About this exercise
Print them exactly: the lines from the beginning of the entries below through the line that contains "Kerala Kuthu Vilakku", and only those, with the pictures left out.

::: Available data :::

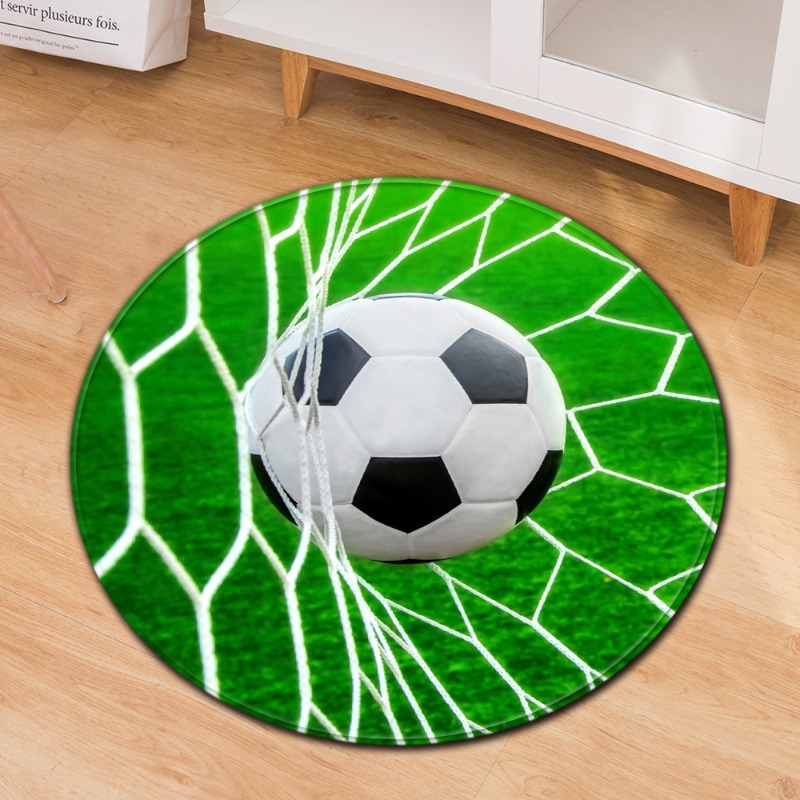 Commercial Printing & Graphics - Fußball-Thema, runder Teppich, sportlicher Stil, Fußball-Druck,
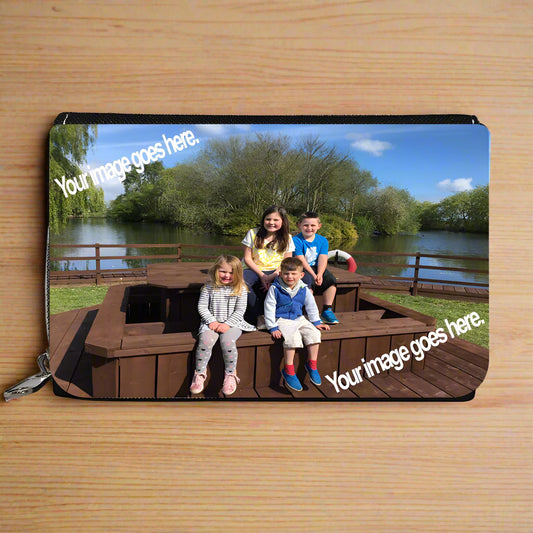 Personalized pouch with photo of children on a wooden bench by a lake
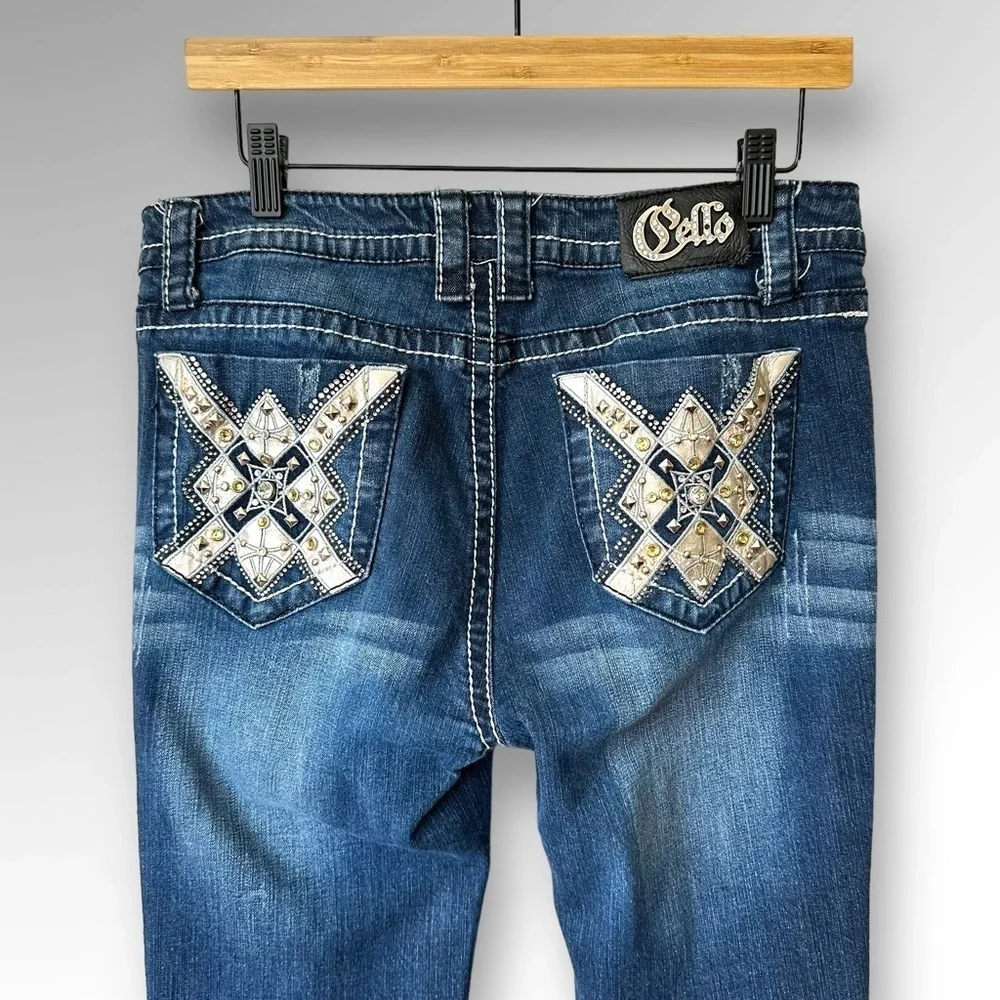 Cello Denim Womens Flare Jeans Mid Rise
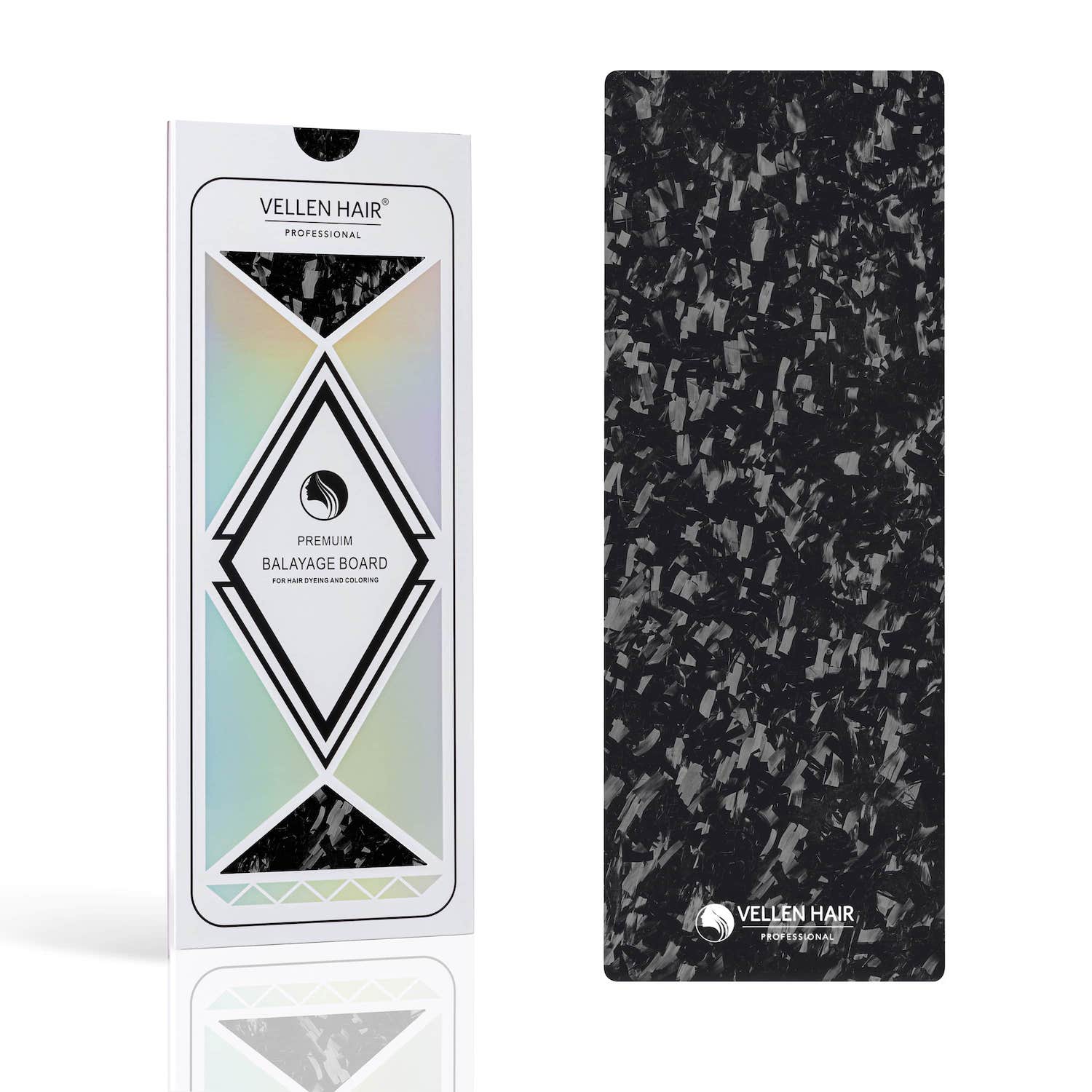 VELLEN HAIR® Professionelles Forged Carbon Strähnchenbrett - Balayage Board - 13cm x 35cm (Geschnittene-Carbonfasern)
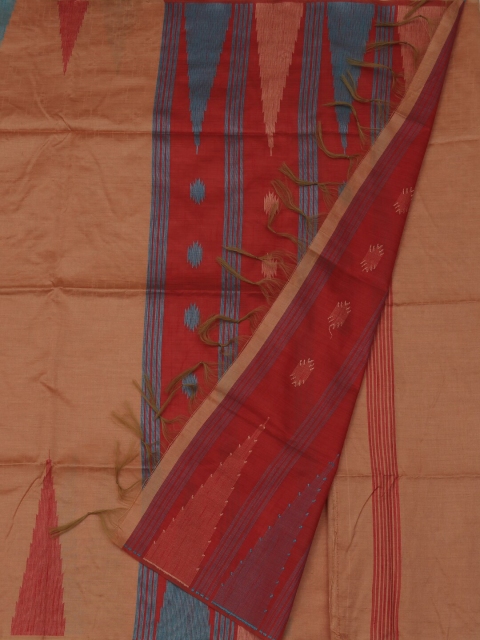

Pothys Peach-Coloured & Red Jute Silk Woven Design Saree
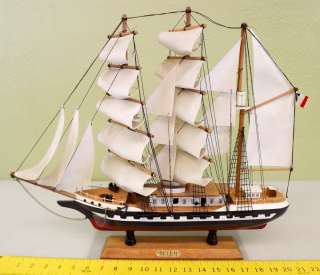 Description: Vtg 20 Model Belem 1896 Hand Crafted Wooden Ship Boat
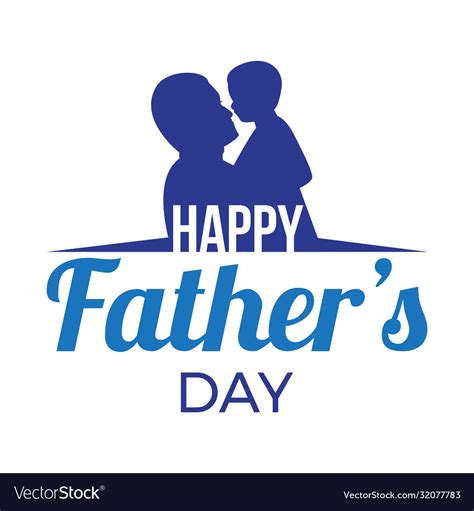 Happy fathers day with father and son silhouette Vector Image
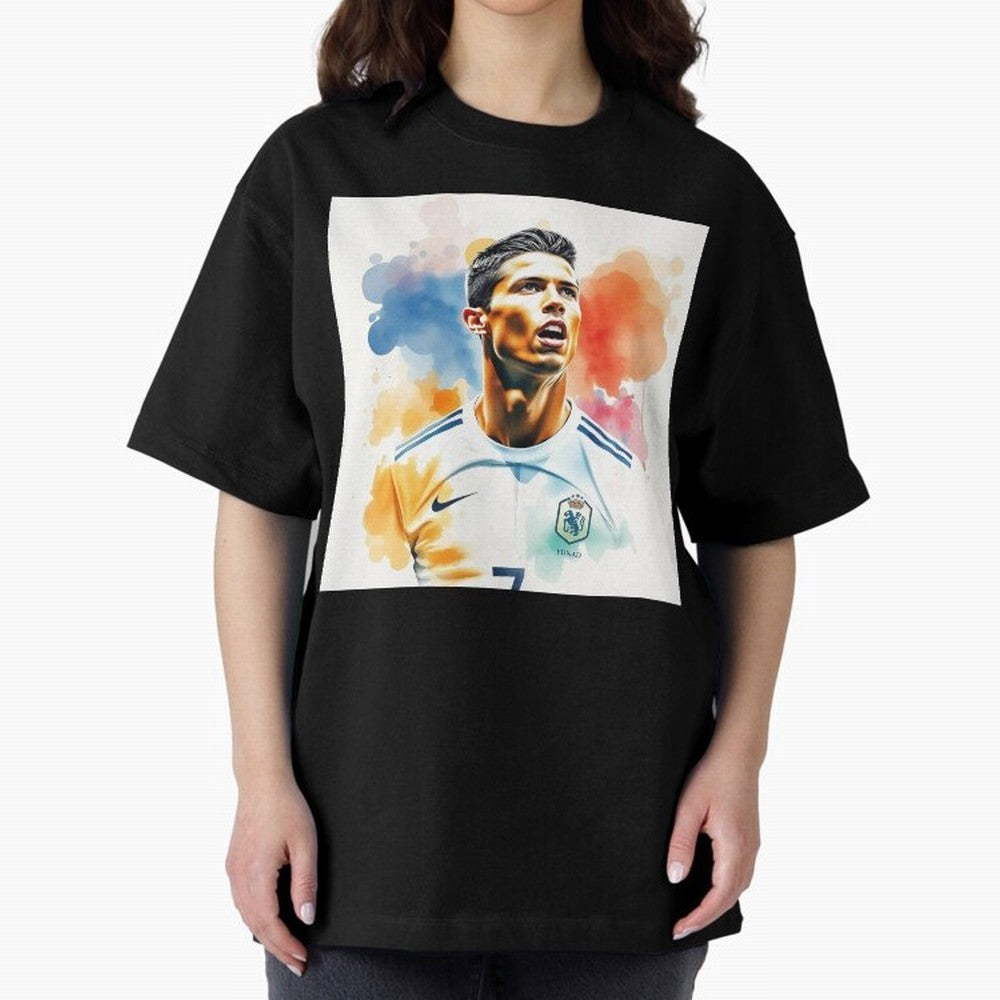 Cristiano Ronaldo Watercolor Panting Oversized T-Shirt Celebrate the Next Chapter of FIFA World Cup 2026 Group Stage Highlighting Neymar, Haaland and Cristiano Ronaldo, Brazil Energy, Supporter Pride, Iconic Celebrations, Legendary Names and Global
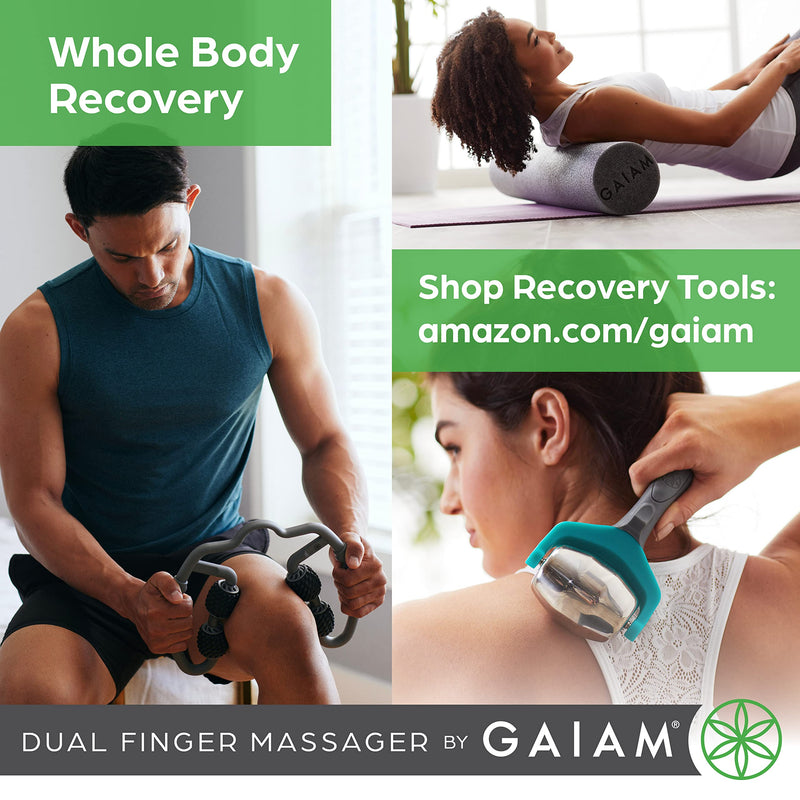 [Australia] - Gaiam Finger Massager Dual-Sided Hand Massage Roller Tool for Circulation, Stress, Arthritis and Hand Pain Relief 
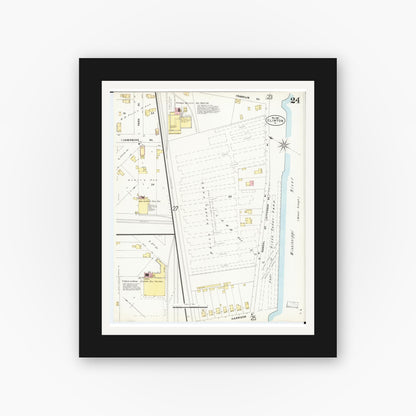 Old map wall art mockup — black gallery frame with white mat — Sanborn Fire Insurance Map from Clinton, Clinton County, Iowa (1897), Sheet #0024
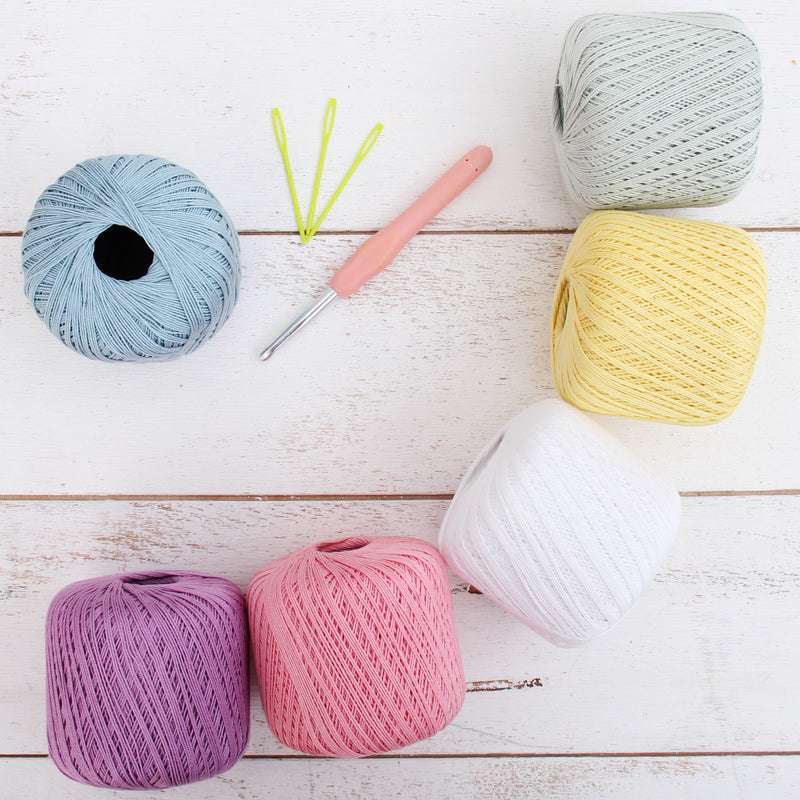 Cotton Crochet Thread Set - Frosting Colors - Size 3 - Six 140 Yd Balls - Threadart.com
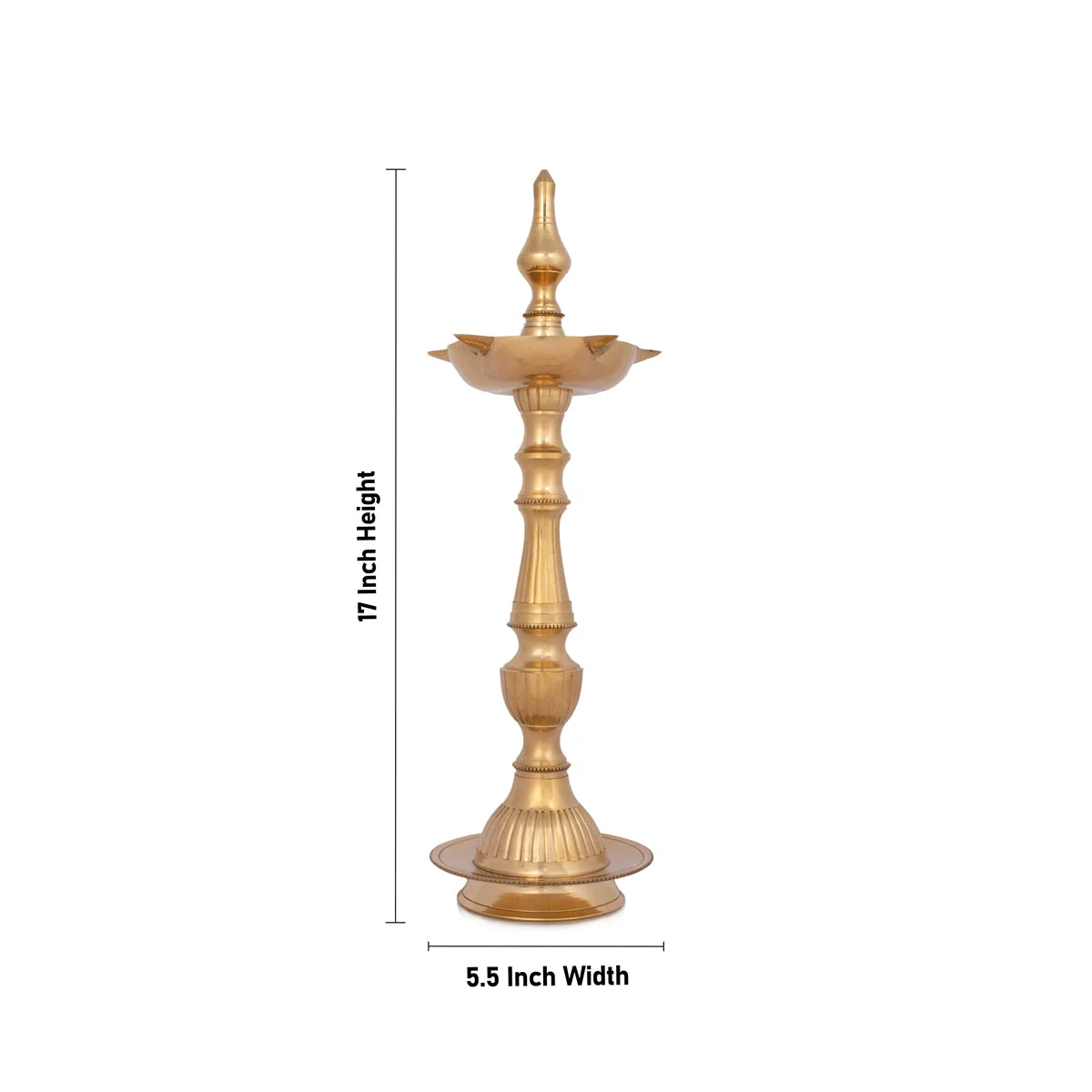 Kerala Kuthu Vilakku - 17 x 5.5 Inches | Kerala Vilakku/ 5 Face Brass Lamp/ Kerala Diya for Pooja - Image 4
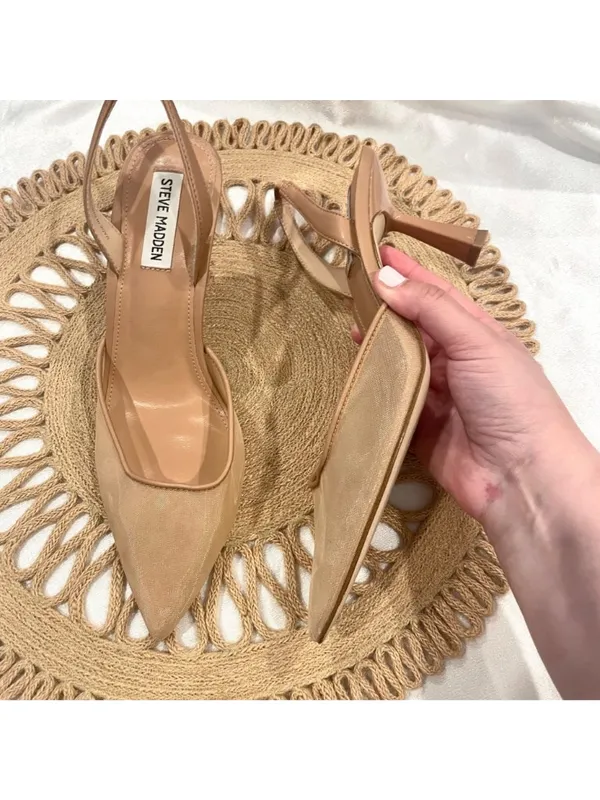Steve Madden Finlee Mesh Slingback Pumps Size 9.5 Natural - Image 3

:::

Result for this exercise
 Commercial Printing & Graphics - Fußball-Thema, runder Teppich, sportlicher Stil, Fußball-Druck,
 Personalized pouch with photo of children on a wooden bench by a lake
 Cello Denim Womens Flare Jeans Mid Rise
 VELLEN HAIR® Professionelles Forged Carbon Strähnchenbrett - Balayage Board - 13cm x 35cm (Geschnittene-Carbonfasern)

Pothys Peach-Coloured & Red Jute Silk Woven Design Saree
 Description: Vtg 20 Model Belem 1896 Hand Crafted Wooden Ship Boat
 Happy fathers day with father and son silhouette Vector Image
 Cristiano Ronaldo Watercolor Panting Oversized T-Shirt Celebrate the Next Chapter of FIFA World Cup 2026 Group Stage Highlighting Neymar, Haaland and Cristiano Ronaldo, Brazil Energy, Supporter Pride, Iconic Celebrations, Legendary Names and Global
 [Australia] - Gaiam Finger Massager Dual-Sided Hand Massage Roller Tool for Circulation, Stress, Arthritis and Hand Pain Relief 
 Old map wall art mockup — black gallery frame with white mat — Sanborn Fire Insurance Map from Clinton, Clinton County, Iowa (1897), Sheet #0024
 Cotton Crochet Thread Set - Frosting Colors - Size 3 - Six 140 Yd Balls - Threadart.com
 Kerala Kuthu Vilakku - 17 x 5.5 Inches | Kerala Vilakku/ 5 Face Brass Lamp/ Kerala Diya for Pooja - Image 4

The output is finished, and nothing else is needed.